Harvey instrui Gordon sobre o submundo de Gotham, apresentando-o a figuras chaves da contravenção local, como Fish Mooney, interpretada com muito brilho por Jada Pinkett Smith—quase irreconhecível. Interessantemente, Fish é uma nova vilã apresentada na série, pois nunca esteve presente nos quadrinhos do Batman.

Fish Mooney (Jada Pinkett Smith) e Pinguim (Robin Lord Taylor). Imagem: Reprodução/Internet.

A série também apresenta a origem de alguns conhecidos vilões das estórias do Batman, como por exemplo: o Pinguim, muito bem interpretado pelo ator Robin Lord Taylor que fez rápidas aparições na série The Walking Dead; a Mulher Gato, vivida pela jovem atriz Camren Bicondova, aqui como uma menina de rua que se torna amiga e paixonite do menino Bruce, vivido pelo ator David Mazouz; o Charada, um estranho técnico forense da polícia, de comportamento irritante por sempre oferecer charadas a serem resolvidas, interpretado pelo ator Cory Michael Smith.

Gotham, ainda não sendo uma série excelente, pois falta um pouco de foco já que nos perde com as inúmeras estórias paralelas que se iniciam e acabam em cada episódio sem que todas essas tenham alguma ligação com a trama principal. Mas Gotham se torna muito boa uma vez que, além de nos apresentar uma nova perspectiva sobre o velho super herói, ela tem como grande trunfo, tanto o seu tema atual quanto o seu alto investimento na qualidade de produção, a começar pela criação de um visual gótico-contemporâneo através da mistura de uma Nova York dos gangster dos anos de 1930 com o céu e atmosfera constantemente nublados es escuros de uma Londres das ficções macabras do século 19.
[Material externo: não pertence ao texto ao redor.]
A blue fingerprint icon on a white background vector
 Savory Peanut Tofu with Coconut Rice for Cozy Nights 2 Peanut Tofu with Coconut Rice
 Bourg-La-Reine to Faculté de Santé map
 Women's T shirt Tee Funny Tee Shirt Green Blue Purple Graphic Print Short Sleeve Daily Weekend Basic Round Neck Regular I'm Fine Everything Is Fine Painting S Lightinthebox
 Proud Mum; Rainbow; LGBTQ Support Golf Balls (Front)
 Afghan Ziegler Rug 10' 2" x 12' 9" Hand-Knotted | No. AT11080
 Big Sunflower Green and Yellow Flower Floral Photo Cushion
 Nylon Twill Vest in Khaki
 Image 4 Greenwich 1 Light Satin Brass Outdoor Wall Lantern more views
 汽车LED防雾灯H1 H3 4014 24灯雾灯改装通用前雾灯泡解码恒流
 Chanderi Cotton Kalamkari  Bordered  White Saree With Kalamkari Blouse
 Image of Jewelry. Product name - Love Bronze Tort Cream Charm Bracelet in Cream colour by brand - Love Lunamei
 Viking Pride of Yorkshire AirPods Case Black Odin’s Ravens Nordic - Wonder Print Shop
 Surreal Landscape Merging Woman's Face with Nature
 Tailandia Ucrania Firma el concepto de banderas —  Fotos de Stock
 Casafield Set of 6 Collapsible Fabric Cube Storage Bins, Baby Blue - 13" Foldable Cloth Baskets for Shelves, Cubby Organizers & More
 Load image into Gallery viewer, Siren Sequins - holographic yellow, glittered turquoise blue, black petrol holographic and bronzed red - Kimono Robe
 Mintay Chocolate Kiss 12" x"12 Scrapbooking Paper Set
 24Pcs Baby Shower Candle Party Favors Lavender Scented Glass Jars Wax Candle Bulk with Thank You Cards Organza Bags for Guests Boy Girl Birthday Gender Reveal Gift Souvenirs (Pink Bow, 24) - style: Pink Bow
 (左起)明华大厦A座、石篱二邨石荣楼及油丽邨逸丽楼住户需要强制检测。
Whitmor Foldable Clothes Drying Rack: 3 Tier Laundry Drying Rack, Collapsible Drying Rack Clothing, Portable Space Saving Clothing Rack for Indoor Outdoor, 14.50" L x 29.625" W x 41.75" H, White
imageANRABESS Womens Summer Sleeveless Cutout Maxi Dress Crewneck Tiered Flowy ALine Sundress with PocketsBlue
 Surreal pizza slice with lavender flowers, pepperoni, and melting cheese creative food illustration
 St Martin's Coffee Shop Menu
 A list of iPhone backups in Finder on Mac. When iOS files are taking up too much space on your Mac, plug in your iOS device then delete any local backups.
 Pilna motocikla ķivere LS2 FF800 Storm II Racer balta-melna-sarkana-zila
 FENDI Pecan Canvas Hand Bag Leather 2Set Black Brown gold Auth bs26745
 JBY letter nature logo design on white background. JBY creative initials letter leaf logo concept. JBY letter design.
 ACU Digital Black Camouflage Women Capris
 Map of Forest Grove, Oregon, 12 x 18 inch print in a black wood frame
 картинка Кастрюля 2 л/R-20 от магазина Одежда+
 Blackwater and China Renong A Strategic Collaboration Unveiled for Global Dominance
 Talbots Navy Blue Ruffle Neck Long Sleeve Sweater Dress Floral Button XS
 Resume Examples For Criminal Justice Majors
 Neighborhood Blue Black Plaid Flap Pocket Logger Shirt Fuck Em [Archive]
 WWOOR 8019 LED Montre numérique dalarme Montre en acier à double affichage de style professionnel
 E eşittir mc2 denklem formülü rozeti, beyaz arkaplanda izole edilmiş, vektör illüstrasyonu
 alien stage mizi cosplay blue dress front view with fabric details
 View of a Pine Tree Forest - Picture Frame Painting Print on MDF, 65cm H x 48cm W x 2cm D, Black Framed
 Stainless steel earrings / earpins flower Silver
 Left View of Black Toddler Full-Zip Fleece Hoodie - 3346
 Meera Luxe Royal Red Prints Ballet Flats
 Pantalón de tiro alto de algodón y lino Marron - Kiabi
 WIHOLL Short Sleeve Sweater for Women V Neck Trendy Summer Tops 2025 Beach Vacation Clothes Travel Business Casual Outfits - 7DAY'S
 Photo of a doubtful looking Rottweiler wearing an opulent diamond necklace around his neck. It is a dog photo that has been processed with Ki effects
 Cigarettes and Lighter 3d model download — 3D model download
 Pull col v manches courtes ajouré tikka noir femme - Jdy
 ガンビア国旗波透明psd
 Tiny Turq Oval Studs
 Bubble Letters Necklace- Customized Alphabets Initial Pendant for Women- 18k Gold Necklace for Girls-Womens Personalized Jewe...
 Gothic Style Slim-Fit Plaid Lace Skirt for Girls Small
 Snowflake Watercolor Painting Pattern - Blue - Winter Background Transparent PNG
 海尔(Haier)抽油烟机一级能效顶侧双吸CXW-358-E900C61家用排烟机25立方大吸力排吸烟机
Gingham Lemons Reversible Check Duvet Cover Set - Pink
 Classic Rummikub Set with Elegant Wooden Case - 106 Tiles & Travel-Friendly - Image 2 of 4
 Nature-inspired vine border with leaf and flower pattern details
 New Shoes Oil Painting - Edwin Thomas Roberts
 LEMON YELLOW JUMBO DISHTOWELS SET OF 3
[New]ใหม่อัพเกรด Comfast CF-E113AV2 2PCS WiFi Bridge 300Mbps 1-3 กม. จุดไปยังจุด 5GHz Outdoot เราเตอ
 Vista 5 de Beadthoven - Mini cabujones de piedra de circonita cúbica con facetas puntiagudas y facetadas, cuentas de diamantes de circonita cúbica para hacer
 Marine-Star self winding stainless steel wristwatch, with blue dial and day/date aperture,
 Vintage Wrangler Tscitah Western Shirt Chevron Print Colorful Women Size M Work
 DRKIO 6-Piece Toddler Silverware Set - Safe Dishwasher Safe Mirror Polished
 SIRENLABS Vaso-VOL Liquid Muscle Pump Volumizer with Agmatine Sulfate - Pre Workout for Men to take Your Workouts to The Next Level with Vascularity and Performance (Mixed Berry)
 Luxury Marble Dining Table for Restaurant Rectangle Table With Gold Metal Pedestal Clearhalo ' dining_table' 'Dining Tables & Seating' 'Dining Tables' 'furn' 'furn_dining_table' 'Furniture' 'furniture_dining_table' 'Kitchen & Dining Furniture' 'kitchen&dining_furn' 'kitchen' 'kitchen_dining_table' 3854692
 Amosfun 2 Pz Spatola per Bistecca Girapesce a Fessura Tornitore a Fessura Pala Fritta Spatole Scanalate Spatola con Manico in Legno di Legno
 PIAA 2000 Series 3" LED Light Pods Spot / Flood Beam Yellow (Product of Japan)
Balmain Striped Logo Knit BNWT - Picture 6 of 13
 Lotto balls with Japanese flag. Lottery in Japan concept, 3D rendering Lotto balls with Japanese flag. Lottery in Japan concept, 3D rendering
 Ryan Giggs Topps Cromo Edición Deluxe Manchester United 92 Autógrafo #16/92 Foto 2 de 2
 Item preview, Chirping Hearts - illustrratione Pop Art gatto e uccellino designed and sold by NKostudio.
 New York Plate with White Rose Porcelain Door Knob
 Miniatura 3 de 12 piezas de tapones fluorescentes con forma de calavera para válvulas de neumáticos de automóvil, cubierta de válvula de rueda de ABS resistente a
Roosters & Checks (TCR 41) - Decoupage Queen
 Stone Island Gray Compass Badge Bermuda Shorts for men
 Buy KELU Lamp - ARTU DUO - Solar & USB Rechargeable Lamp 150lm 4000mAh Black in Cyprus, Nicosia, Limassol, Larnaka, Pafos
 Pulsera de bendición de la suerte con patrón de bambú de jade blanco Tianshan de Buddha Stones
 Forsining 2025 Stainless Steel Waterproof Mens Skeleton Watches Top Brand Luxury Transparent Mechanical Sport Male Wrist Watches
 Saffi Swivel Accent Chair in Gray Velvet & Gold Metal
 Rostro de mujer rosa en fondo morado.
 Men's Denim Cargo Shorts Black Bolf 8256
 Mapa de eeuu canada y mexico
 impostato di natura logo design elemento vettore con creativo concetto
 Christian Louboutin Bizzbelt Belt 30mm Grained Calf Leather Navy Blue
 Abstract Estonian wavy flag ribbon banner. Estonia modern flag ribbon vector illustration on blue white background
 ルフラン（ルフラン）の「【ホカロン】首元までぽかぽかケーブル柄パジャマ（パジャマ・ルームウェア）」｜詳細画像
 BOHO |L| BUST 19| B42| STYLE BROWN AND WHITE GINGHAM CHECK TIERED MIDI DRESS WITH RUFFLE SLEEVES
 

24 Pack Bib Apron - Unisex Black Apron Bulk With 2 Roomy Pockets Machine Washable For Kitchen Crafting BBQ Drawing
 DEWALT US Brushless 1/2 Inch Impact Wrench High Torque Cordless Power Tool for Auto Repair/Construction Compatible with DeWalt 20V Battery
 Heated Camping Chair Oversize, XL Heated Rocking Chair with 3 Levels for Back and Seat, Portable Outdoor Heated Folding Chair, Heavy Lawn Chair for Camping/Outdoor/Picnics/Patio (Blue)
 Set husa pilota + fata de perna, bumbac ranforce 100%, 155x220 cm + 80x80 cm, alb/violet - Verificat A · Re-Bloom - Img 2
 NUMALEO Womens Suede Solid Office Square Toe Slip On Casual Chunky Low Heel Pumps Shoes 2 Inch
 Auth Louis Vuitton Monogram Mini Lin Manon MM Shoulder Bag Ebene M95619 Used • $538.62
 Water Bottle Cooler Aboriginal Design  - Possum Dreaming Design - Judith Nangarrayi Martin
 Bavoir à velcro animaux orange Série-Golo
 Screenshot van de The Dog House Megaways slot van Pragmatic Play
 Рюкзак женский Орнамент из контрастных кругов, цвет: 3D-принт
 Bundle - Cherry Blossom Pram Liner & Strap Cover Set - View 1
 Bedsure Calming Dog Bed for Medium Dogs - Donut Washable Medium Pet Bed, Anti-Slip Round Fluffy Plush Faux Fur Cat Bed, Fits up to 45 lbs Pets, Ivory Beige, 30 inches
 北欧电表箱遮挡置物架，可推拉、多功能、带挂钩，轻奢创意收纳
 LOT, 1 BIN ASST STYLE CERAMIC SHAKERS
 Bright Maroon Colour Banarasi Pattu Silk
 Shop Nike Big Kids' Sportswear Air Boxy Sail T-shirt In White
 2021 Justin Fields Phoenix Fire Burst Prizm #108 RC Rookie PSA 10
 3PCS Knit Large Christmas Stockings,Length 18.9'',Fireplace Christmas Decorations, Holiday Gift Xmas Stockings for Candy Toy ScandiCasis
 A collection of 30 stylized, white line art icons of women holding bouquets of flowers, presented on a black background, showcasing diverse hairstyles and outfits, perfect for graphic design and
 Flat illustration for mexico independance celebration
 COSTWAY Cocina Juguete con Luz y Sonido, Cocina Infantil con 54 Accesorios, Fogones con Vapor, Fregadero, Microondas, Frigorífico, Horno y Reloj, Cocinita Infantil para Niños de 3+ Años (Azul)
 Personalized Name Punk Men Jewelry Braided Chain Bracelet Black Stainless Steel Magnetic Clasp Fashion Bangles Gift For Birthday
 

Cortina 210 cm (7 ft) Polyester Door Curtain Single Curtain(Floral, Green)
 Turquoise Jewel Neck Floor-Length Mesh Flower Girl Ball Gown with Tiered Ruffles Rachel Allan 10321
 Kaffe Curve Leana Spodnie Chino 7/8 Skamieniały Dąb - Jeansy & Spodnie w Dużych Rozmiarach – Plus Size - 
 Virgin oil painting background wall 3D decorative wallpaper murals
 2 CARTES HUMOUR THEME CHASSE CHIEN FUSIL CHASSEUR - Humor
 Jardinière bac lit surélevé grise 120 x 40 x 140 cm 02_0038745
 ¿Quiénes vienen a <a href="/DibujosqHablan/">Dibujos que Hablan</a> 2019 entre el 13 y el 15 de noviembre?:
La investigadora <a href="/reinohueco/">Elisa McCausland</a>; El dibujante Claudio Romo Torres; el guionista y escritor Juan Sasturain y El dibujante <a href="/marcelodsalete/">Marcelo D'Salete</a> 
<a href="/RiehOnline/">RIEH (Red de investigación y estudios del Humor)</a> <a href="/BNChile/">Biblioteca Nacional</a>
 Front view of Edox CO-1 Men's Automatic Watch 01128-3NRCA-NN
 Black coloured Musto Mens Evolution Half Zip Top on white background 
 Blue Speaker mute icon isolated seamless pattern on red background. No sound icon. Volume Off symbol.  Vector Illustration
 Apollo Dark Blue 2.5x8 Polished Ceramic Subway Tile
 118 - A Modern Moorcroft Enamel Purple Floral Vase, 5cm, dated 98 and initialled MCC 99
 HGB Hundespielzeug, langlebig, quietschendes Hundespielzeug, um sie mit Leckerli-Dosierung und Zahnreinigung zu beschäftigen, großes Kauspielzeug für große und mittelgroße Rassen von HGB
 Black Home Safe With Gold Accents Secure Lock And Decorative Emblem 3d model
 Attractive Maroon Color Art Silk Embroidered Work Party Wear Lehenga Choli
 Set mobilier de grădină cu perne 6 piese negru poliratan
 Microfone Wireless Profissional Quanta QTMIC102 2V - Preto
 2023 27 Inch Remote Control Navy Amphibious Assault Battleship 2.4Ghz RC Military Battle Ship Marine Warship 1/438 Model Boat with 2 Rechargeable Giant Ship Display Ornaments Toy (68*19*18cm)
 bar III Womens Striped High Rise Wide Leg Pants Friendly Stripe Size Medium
Mas esta qualidade não se limita ao visual gótico e ao roteiro. Esta se estende ao desempenho dos atores, com grande ênfase na criação dos personagens Fish Mooney e Pinguim por Jada Pinkett Smith e Robin Lord Taylor, que conseguem roubar todas as cenas em que aparecem.

A série Gotham é transmitida pelo Canal Fox.